* _EXERCISE GOAL_
Output the lines of the records from the one containing "ej företagits. Biljettförsäljningen" through the last, both ends included. Leave pictures out.

[Short web captions]

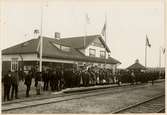 Stockholm-Västerås-Bergslagens järnvägar Trafikdirektörsexpeditionen
Prisbelönt Stockholm 1905.
Stationen uppfördes 1902. Några större ombyggnadsarbeten har sedan dess 
ej företagits. Biljettförsäljningen nedlagd 1995-96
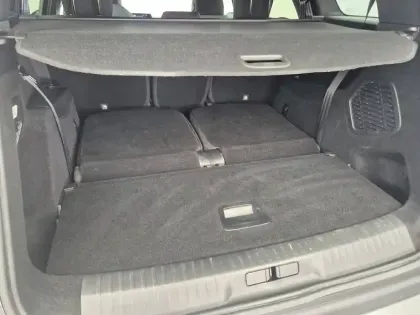 Photo 5 Peugeot 5008  Hybrid 145 ch e-DCS6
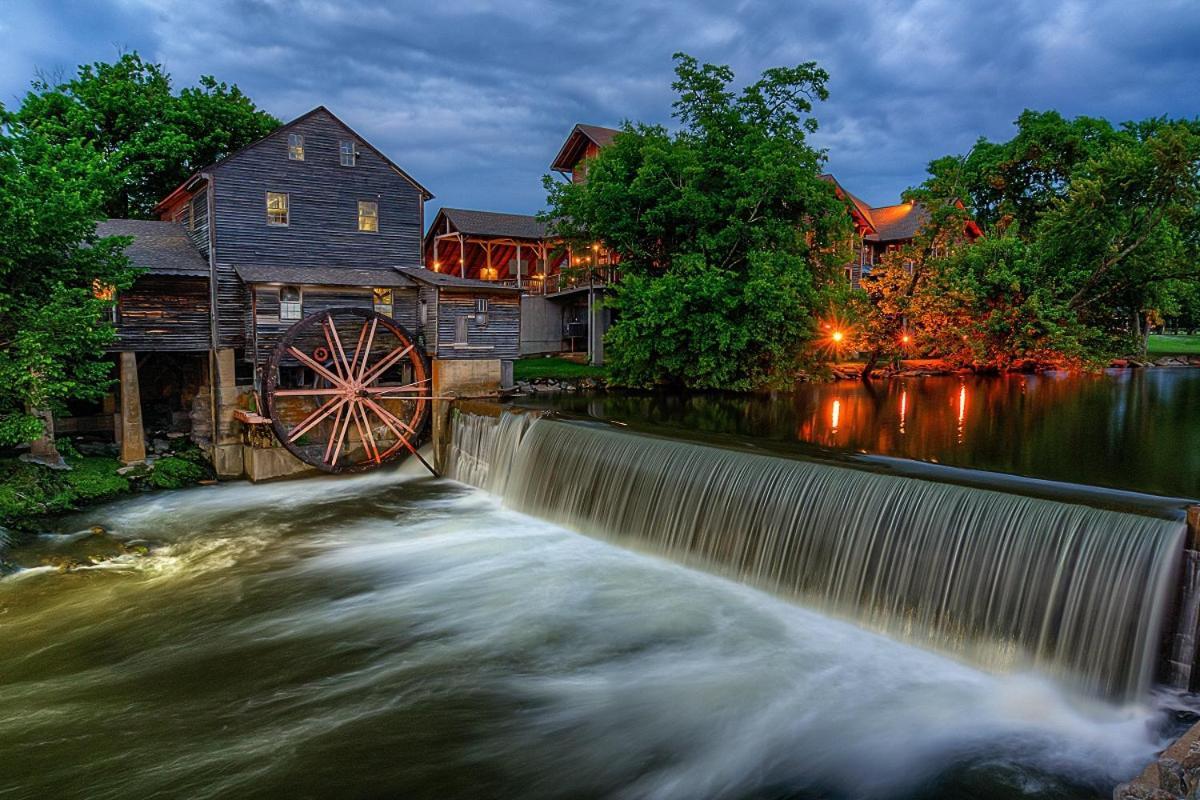 River Song, Near River, Hot Tub, Foosball, Wifi 1089 Free Tickets Each Paid Day, Dollywood And More Sevierville Exteriör bild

* _SOLUTION TO THE PROBLEM_
ej företagits. Biljettförsäljningen nedlagd 1995-96
 Photo 5 Peugeot 5008  Hybrid 145 ch e-DCS6
 River Song, Near River, Hot Tub, Foosball, Wifi 1089 Free Tickets Each Paid Day, Dollywood And More Sevierville Exteriör bild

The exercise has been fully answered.